GAO backs science behind coal dust PEL
An Obama administration plan to decrease black lung disease by reducing the amount of respirable dust to which coal miners are exposed has gotten the nod from the United States Government Accountability Office (GAO), which has determined that scientific research behind proposed exposure limits is valid.
In October 2010, the Mine Safety and Health Administration (MSHA)—the federal agency responsible for setting and enforcing mine safety and health standards—proposed revising the existing standard for coal mine dust to lower the permissible exposure limit (PEL)2 from 2.0 milligrams of dust per cubic meter of air (mg/m3) to 1.0 mg/m3.3
Several coal mining companies objected, questioning the evidence and analytical methods used to support the proposed PEL.
House Republicans inserted language into an appropriations bill prohibiting the implementation of the PEL until the GAO evaluated the research used to justify it.

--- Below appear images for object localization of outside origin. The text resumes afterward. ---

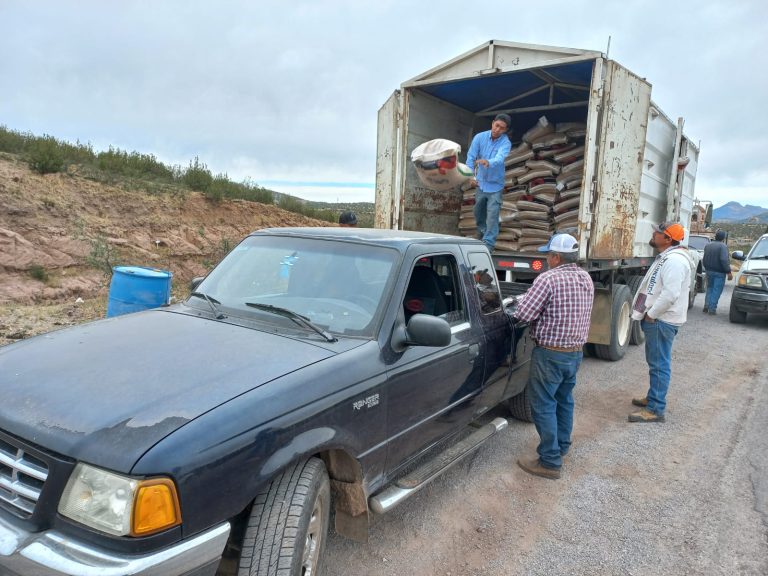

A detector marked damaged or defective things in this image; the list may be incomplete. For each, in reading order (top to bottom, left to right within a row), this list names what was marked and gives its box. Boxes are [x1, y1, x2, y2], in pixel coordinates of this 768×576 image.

rusty metal panel [374, 91, 400, 228]
rusty metal panel [592, 61, 652, 258]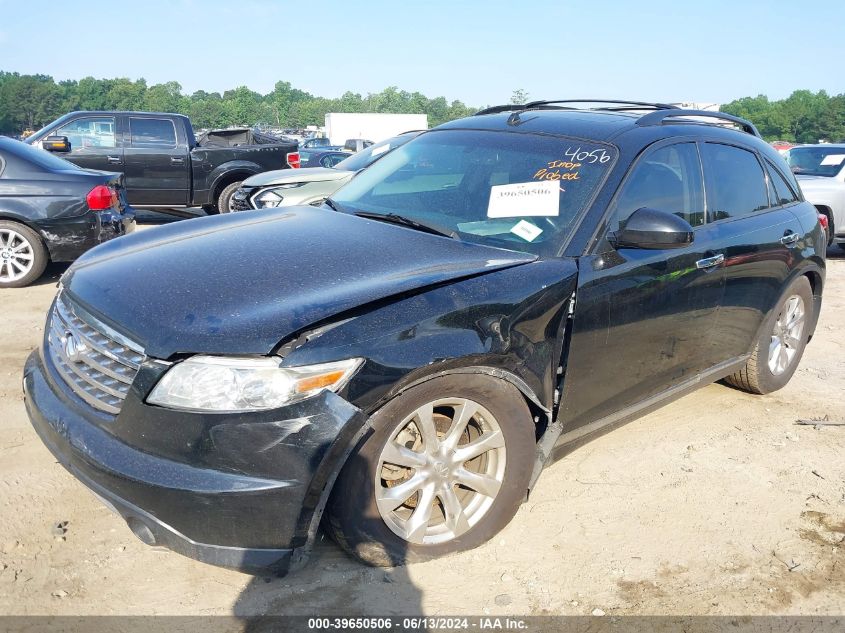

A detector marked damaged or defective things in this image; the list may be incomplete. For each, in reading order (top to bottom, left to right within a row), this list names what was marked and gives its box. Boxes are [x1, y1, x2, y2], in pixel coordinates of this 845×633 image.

damaged black suv [24, 99, 824, 572]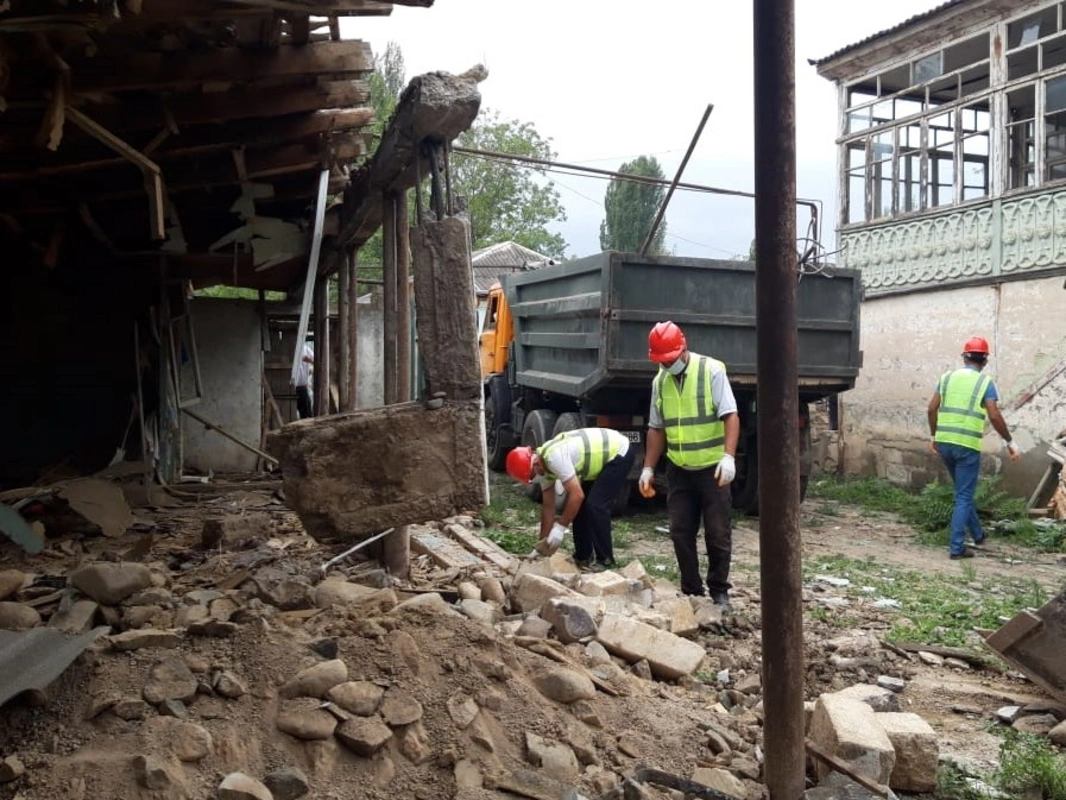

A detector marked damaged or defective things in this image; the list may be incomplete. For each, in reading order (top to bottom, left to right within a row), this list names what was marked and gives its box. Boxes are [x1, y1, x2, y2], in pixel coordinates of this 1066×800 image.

broken concrete slab [266, 401, 488, 546]
broken concrete slab [601, 618, 707, 678]
broken concrete slab [810, 695, 895, 789]
broken concrete slab [878, 712, 938, 793]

Black lung disease, the term for coal workers’ pneumoconiosis (CWP) and other lung diseases, has killed 75,000 coal miners since 1968, according to NIOSH. The cost of the disease is substantial; since 1970, through the Black Lung Benefits Program, the Department of Labor has paid over $44 billion in benefits to miners (or their survivors) who were totally disabled by respiratory diseases.

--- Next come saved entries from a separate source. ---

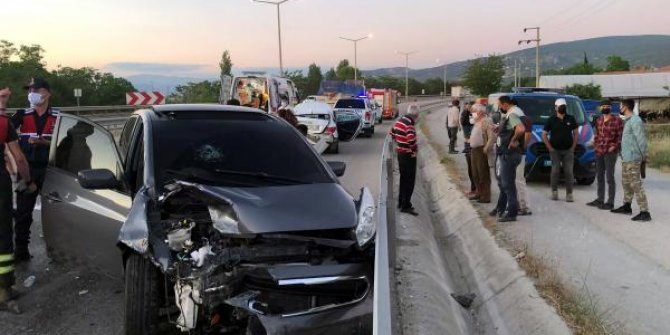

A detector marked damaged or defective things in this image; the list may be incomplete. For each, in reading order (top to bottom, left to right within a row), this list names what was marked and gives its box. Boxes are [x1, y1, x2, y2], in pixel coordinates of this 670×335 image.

damaged silver car [39, 104, 376, 334]
crumpled car hood [198, 182, 356, 235]
broken headlight [354, 188, 376, 248]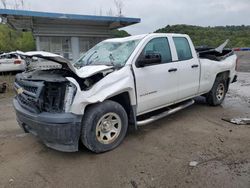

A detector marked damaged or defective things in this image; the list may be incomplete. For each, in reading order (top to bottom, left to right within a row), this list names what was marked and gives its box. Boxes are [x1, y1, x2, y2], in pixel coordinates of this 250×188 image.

crumpled hood [12, 50, 113, 78]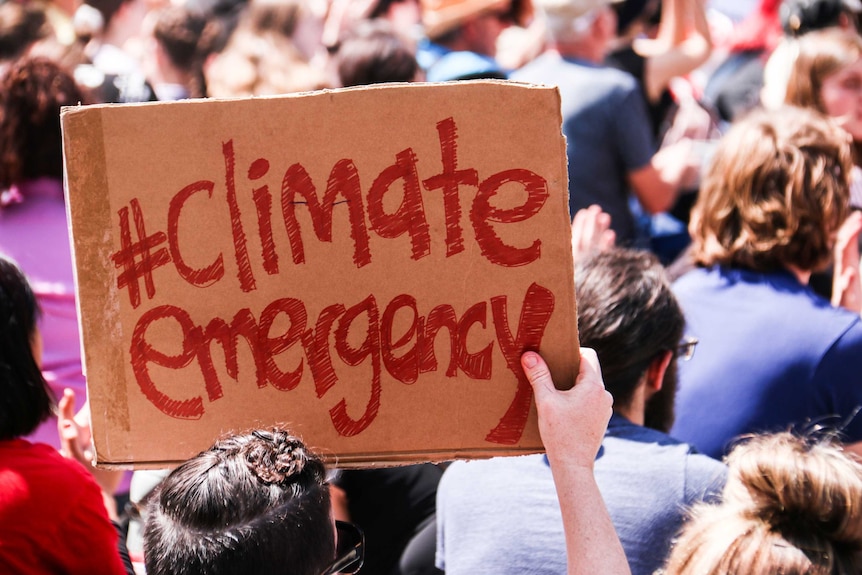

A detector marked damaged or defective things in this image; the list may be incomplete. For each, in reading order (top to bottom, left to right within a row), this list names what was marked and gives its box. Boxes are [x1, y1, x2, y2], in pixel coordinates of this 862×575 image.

torn cardboard corner [62, 80, 580, 468]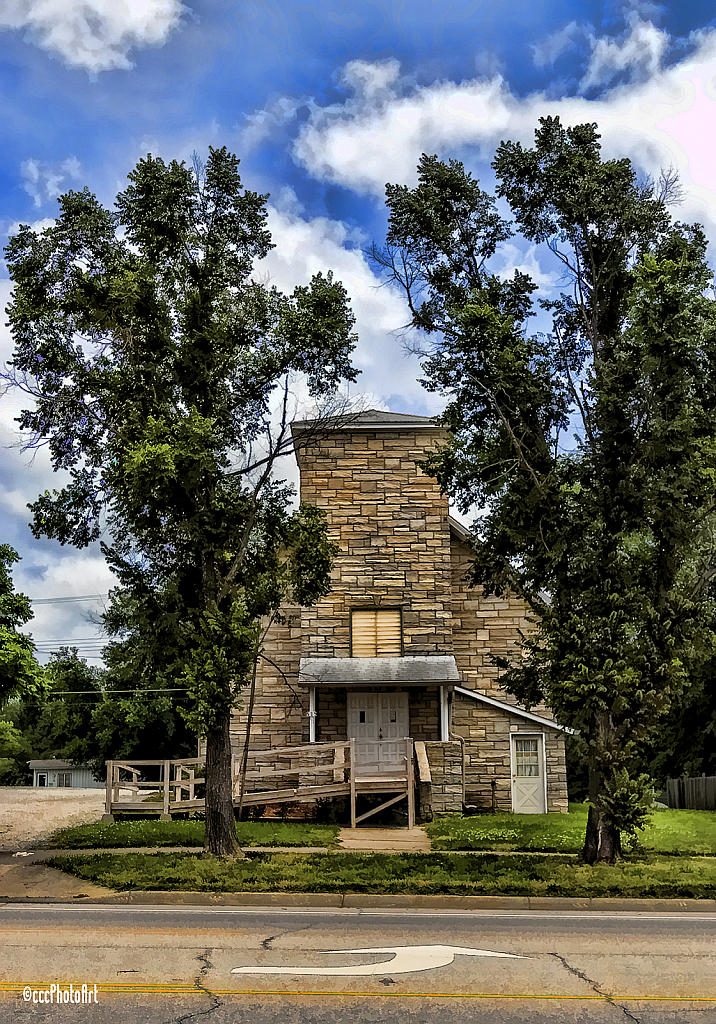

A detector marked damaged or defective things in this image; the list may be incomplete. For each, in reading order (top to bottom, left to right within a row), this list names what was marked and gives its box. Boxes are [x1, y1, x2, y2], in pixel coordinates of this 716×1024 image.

road crack [549, 954, 643, 1019]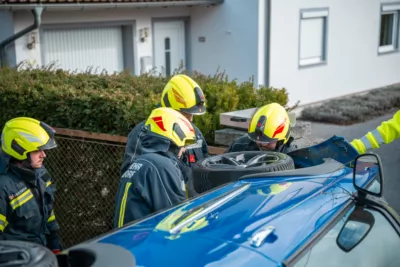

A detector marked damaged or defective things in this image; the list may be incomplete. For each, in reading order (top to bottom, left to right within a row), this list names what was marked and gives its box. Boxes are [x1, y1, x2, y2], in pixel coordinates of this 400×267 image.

overturned blue car [53, 137, 400, 266]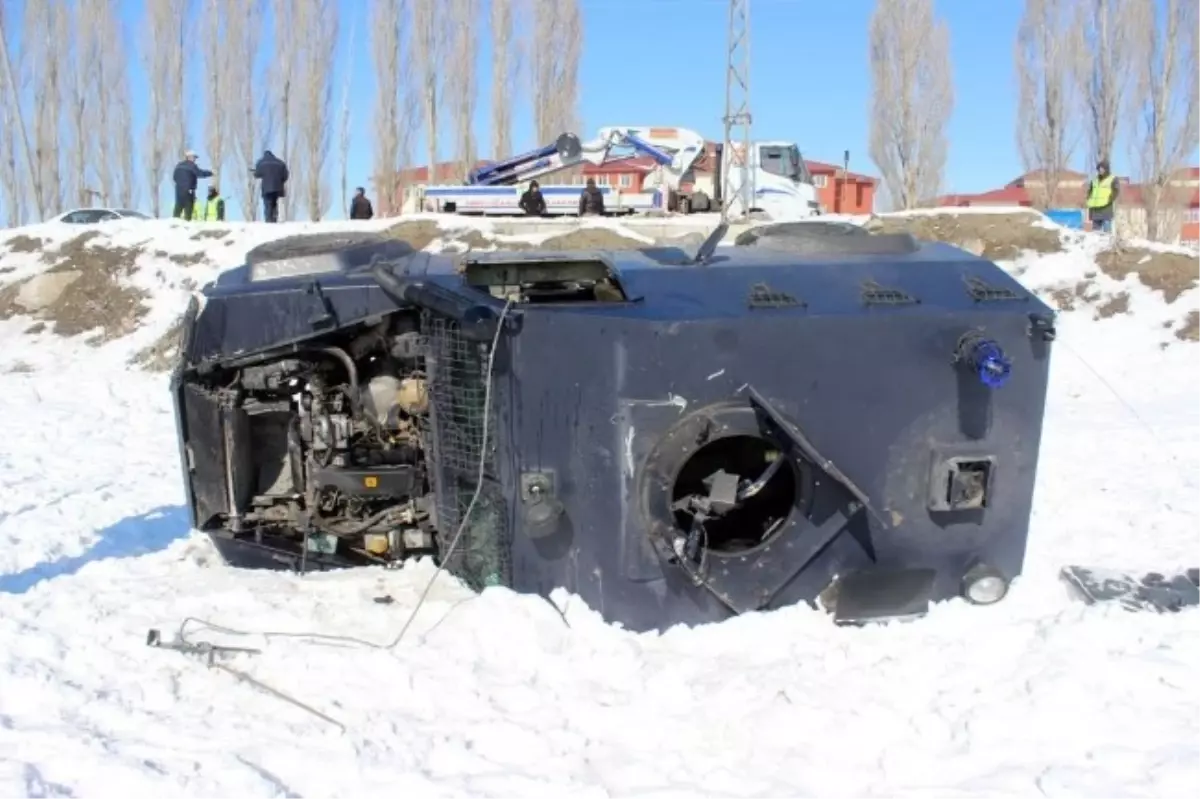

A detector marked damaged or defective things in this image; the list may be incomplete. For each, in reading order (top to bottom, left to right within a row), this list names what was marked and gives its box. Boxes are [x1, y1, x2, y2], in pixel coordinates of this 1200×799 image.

overturned armored vehicle [171, 223, 1056, 632]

“Our evaluation of the reports MSHA used to support its proposal and the key scientific studies on which the reports were based shows that they support the conclusion that lowering the PEL from 2.0 mg/m3 to 1.0 mg/m3 would reduce miners’ risk of disease,” according to a statement by the GAO. “The reports and key studies concluded that miners’ cumulative exposure to coal mine dust at the current PEL over their working lives places them at an increased risk of developing CWP, progressive massive fibrosis, and decreased lung function, among other adverse health outcomes.”
The GAO review found that researchers took "reasonable steps" to mitigate the limitations and biases in the data, such as using multiple x-ray specialists to reduce the risk of misclassifying disease and making adjustments to coal mine dust samples where bias was suspected.
“In addition to addressing the limitations and biases in the data, researchers used appropriate analytical methods to conclude that lowering the existing PEL would decrease miners’ risk of developing black lung disease. For example, in addition to taking steps to precisely estimate a miner’s cumulative exposure, the researchers accounted for several factors in their analyses—such as the age of the miners, the carbon content of the coal (coal rank), and other factors known to be associated with the disease—to better estimate the effect of cumulative exposure to coal mine dust.
“ Further, the other studies we identified generally supported the conclusion that reducing the PEL would reduce miners’ risk of disease.”